→ **What is needed**: Transcribe each line below without altering anything.

→ **Material for this task**:
# # # # # # #

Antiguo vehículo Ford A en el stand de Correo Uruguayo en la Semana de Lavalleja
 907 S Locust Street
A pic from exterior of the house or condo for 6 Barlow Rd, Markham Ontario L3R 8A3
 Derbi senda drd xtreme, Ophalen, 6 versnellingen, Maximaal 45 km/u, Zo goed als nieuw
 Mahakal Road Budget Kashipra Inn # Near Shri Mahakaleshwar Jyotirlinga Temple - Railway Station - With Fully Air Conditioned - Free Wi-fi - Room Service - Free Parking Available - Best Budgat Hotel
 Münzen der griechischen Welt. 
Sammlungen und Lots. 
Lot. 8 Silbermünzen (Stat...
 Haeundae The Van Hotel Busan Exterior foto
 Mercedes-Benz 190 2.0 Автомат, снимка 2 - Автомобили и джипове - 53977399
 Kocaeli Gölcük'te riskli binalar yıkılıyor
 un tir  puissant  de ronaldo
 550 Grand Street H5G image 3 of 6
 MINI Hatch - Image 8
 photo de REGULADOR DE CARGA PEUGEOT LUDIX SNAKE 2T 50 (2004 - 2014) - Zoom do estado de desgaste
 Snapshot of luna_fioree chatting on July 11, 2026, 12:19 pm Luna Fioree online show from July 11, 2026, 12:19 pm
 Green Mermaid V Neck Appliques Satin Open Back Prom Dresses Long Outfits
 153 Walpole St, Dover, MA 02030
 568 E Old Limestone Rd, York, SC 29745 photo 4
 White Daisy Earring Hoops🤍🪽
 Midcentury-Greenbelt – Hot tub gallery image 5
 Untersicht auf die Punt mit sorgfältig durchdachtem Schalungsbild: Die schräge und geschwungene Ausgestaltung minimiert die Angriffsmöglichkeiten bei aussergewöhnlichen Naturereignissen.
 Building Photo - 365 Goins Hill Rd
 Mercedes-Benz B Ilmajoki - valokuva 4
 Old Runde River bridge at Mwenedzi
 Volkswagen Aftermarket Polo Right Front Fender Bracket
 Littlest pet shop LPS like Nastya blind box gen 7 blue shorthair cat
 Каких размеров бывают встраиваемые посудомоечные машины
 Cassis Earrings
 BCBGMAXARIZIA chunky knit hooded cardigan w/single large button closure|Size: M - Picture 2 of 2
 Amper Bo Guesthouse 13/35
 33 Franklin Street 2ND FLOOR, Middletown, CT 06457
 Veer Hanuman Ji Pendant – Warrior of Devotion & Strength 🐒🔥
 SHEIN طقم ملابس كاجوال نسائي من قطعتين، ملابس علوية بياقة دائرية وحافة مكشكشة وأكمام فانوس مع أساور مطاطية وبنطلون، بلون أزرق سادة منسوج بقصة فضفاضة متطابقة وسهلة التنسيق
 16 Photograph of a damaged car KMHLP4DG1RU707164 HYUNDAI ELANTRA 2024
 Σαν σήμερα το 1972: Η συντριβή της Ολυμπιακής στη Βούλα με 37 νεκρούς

# # # # # # #

→ **Solution**:
Antiguo vehículo Ford A en el stand de Correo Uruguayo en la Semana de Lavalleja
 907 S Locust Street
A pic from exterior of the house or condo for 6 Barlow Rd, Markham Ontario L3R 8A3
 Derbi senda drd xtreme, Ophalen, 6 versnellingen, Maximaal 45 km/u, Zo goed als nieuw
 Mahakal Road Budget Kashipra Inn # Near Shri Mahakaleshwar Jyotirlinga Temple - Railway Station - With Fully Air Conditioned - Free Wi-fi - Room Service - Free Parking Available - Best Budgat Hotel
 Münzen der griechischen Welt. 
Sammlungen und Lots. 
Lot. 8 Silbermünzen (Stat...
 Haeundae The Van Hotel Busan Exterior foto
 Mercedes-Benz 190 2.0 Автомат, снимка 2 - Автомобили и джипове - 53977399
 Kocaeli Gölcük'te riskli binalar yıkılıyor
 un tir  puissant  de ronaldo
 550 Grand Street H5G image 3 of 6
 MINI Hatch - Image 8
 photo de REGULADOR DE CARGA PEUGEOT LUDIX SNAKE 2T 50 (2004 - 2014) - Zoom do estado de desgaste
 Snapshot of luna_fioree chatting on July 11, 2026, 12:19 pm Luna Fioree online show from July 11, 2026, 12:19 pm
 Green Mermaid V Neck Appliques Satin Open Back Prom Dresses Long Outfits
 153 Walpole St, Dover, MA 02030
 568 E Old Limestone Rd, York, SC 29745 photo 4
 White Daisy Earring Hoops🤍🪽
 Midcentury-Greenbelt – Hot tub gallery image 5
 Untersicht auf die Punt mit sorgfältig durchdachtem Schalungsbild: Die schräge und geschwungene Ausgestaltung minimiert die Angriffsmöglichkeiten bei aussergewöhnlichen Naturereignissen.
 Building Photo - 365 Goins Hill Rd
 Mercedes-Benz B Ilmajoki - valokuva 4
 Old Runde River bridge at Mwenedzi
 Volkswagen Aftermarket Polo Right Front Fender Bracket
 Littlest pet shop LPS like Nastya blind box gen 7 blue shorthair cat
 Каких размеров бывают встраиваемые посудомоечные машины
 Cassis Earrings
 BCBGMAXARIZIA chunky knit hooded cardigan w/single large button closure|Size: M - Picture 2 of 2
 Amper Bo Guesthouse 13/35
 33 Franklin Street 2ND FLOOR, Middletown, CT 06457
 Veer Hanuman Ji Pendant – Warrior of Devotion & Strength 🐒🔥
 SHEIN طقم ملابس كاجوال نسائي من قطعتين، ملابس علوية بياقة دائرية وحافة مكشكشة وأكمام فانوس مع أساور مطاطية وبنطلون، بلون أزرق سادة منسوج بقصة فضفاضة متطابقة وسهلة التنسيق
 16 Photograph of a damaged car KMHLP4DG1RU707164 HYUNDAI ELANTRA 2024
 Σαν σήμερα το 1972: Η συντριβή της Ολυμπιακής στη Βούλα με 37 νεκρούς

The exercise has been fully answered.